Здесь питаются человеческим мясом, там почтительный сын обязан убить отца, достигшего известного возраста; еще где-нибудь отцы решают участь ребенка, пока он еще во чреве матери, – сохранить ли ему жизнь и воспитать его или, напротив, покинуть без присмотра и убить; еще в каком-нибудь месте мужья престарелого возраста предлагают юношам своих жен, чтобы те услужили им; бывает и так, что жены считаются общими, и в этом никто не усматривает греха; есть даже такая страна, где женщины носят на подоле одежды в качестве почетного знака отличия столько нарядных кисточек с бахромой, скольких мужчин они познали за свою жизнь. Не обычай ли породил особое женское государство? Не он ли вложил в руки женщины оружие? Не он ли образовал из них батальоны и повел их в бой? И чего не в силах втемяшить в мудрейшие головы философия, не внушает ли обычай своей властью самому темному простолюдину? Ведь мы знаем о существовании целых народов, которые не только с презрением относятся к смерти, но встречают ее даже с радостью, народов, у которых семилетние дети дают засечь себя насмерть, не меняясь даже в лице; где богатством гнушаются до того, что самый обездоленный горожанин счел бы ниже своего достоинства протянуть руку, чтобы поднять кошелек, полный золота. Нам известны также чрезвычайно плодородные и обильные всякими съестными припасами области, где тем не менее обычной и самой лакомой пищей считают хлеб, дикий салат и воду.

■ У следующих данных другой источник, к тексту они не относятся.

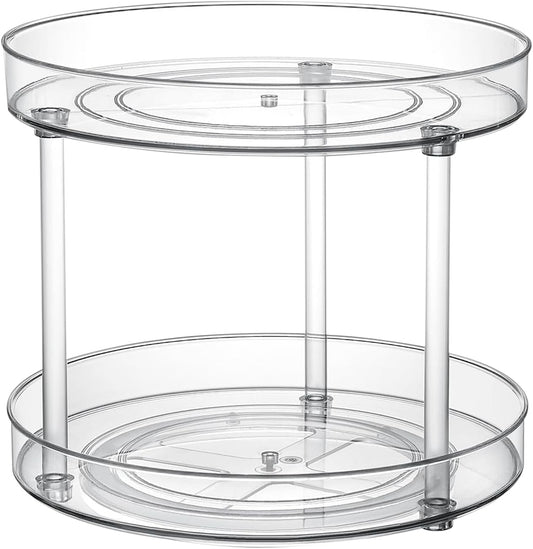Clear Lazy Susan Organizer, Spice Rack Kitchen Cabinet Turntable, Pantry and Fridge Rotating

Не обычай ли сотворил чудо на острове Хиосе, где за целых семьсот лет не запомнили случая нарушения какой-нибудь женщиной или девушкой своей чести?

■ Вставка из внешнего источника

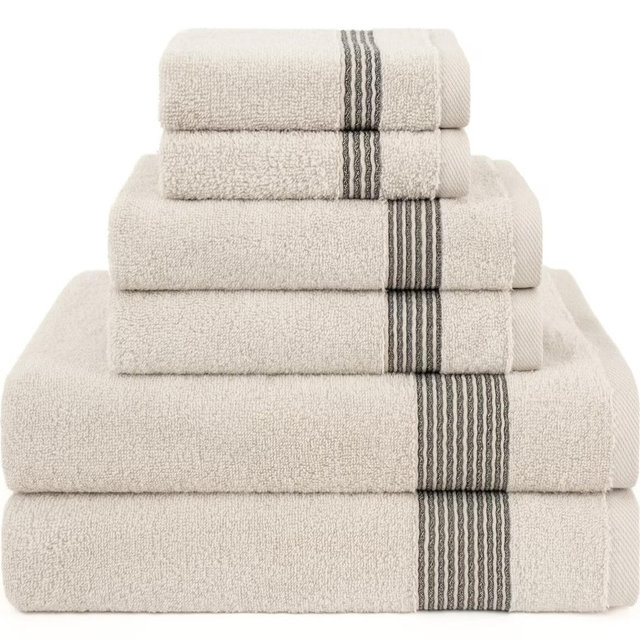 American Soft Linen Pleated Collection 100% Combed Cotton Luxury 6 Piece Towel Set, Zero Twist Ultra Soft and Plush Towels for Bathroom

Короче говоря, насколько я могу представить себе, нет ничего, чего бы он не творил, ничего, чего бы не мог сотворить; и если Пиндар, как мне сообщили, назвал его «царем и повелителем мира», то он имел для этого все основания.
Некто, застигнутый на том, что избивал собственного отца, ответил, что таков обычай, принятый в их роду; что отец его также, бывало, поколачивал деда, а дед, в свою очередь, прадеда; и указывая на своего сына, добавил: «А этот, достигнув возраста, в котором ныне я нахожусь, будет делать то же самое со мною».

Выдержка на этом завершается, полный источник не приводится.